Good people who care about truth, justice and freedom don’t put on fake smiles and speak in soft tones to avoid offending and triggering, they tell you the truth and give you the metaphorical butt-kicking you need to start doing the right thing. They use tough love to get you to pay attention and stop lying to yourself (like the fight scene in They Live).
If you want nice, what you really want is smoke blown up your ass. You want your feelings placated and your beliefs verified no matter how dishonest the person might be. If what you want is kindness, that’s another matter. A person can be very nice but not at all kind; and they can be kind but not nice. Kindness comes from Courage and Care. It has no agenda except to help others. Niceness is all about self-preservation.

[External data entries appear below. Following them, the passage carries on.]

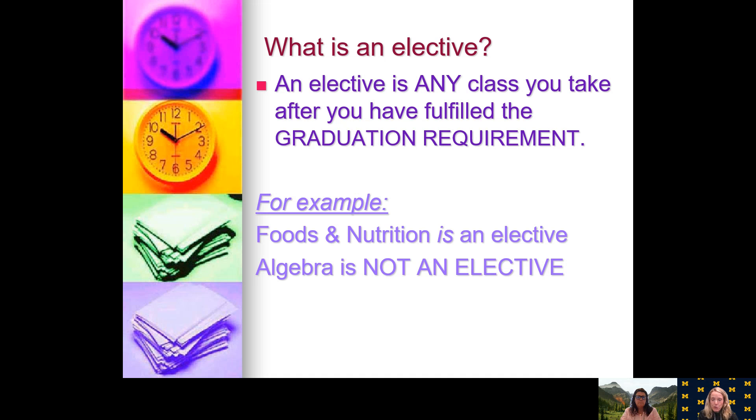An elective: everybody has room in their schedules for some electives. As sophomores, you will have two spots for electives. An elective is any class you can take after you have fulfilled a graduation requirement. For example, foods and nutrition is an elective. Algebra is not an elective — that is a core class and a graduation requirement. Foreign language is a graduation requirement, so most students will select to take that their sophomore year. But if you've already fulfilled your two years of foreign language and want to take a third year, that would count as an elective.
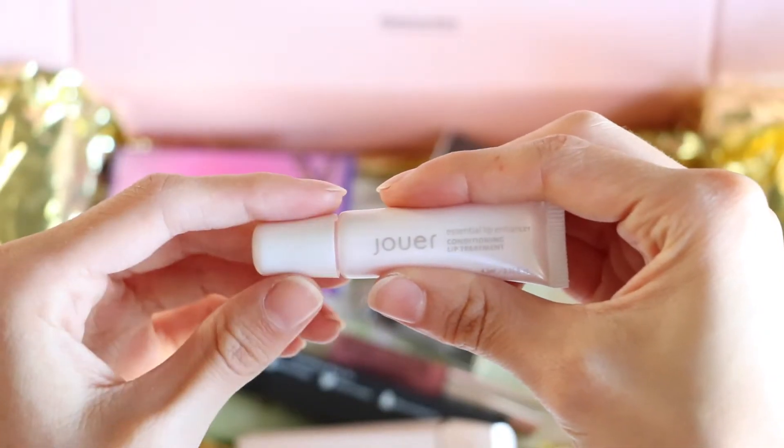The next product is another lip product — this is Jouer, and it's the essential lip enhancer. It's basically more like a lip balm, which is really amazing especially for the fall if you have chapped lips. Jordyn is really bad with her chapstick addiction — she will just put it on over and over. I keep telling her the more you keep putting it on the more your lips are gonna need it. But for her this will be a new lifesaver, which is awesome.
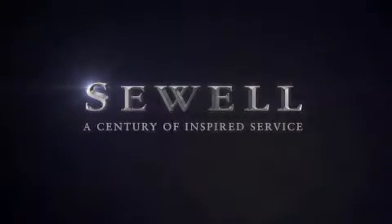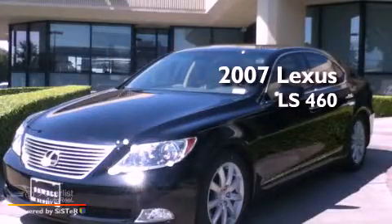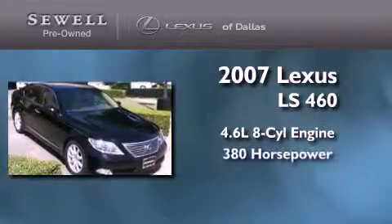Sewell, a century of inspired service. This is a certified pre-owned 2007 Lexus LS460. It has a 4.6-liter 8-cylinder engine and an automatic transmission.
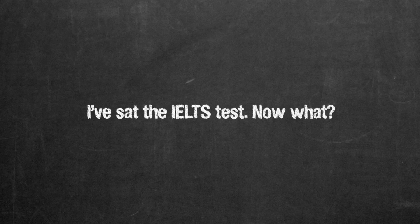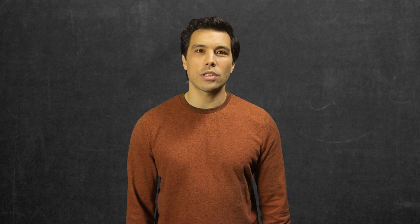I've sat the IELTS test — now what? Congratulations on preparing and dedicating yourself to learning English. You've worked hard to get to this point. Now you can close your books for a little while and relax.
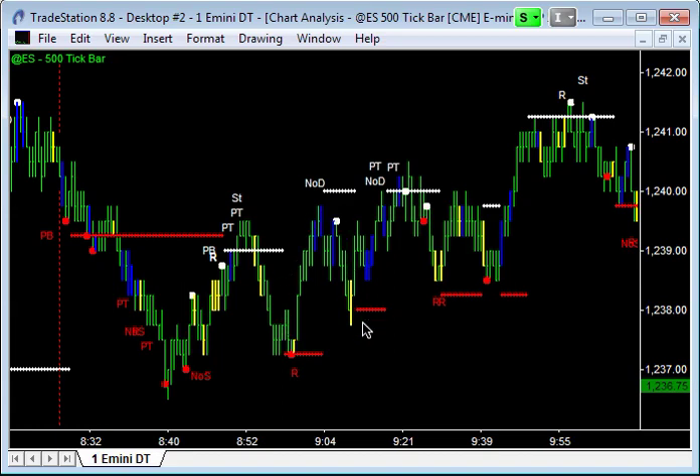A few minutes later the same thing happens — testing 12.37 and a half, and again an amateur down bar into those lows. Again the high of that amateur bar gets taken out to the upside. The amateurs are thinking this was a double top and the market is really going to go down. As soon as the high is taken out we know the amateurs have been wrong-footed. Amateurs tend to follow breakouts and breakdowns, whereas professionals do the reverse — buying breakdowns and selling breakouts.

While I’m not a “nice” person, that doesn’t mean I treat people like shit. I don’t target people to criticize and harass them with scathing remarks and insults. I don’t take things that don’t belong to me, or damage anyone’s property, or try to ruin anyone’s life over a difference in world view. I do speak in harsh terms, though, when I deeply care about a particular issue. It is never out of hate and vitriol, it’s an overflowing of care, because I know people can be so much better than they often are. It’s frustrating to see. That’s something we all need to work on: being better than we were yesterday by making a conscious choice – with courage and will-power – to evolve in our thoughts, emotions and actions and create the kind of world we all say we want. But we don’t, and I’m not going to be nice about it.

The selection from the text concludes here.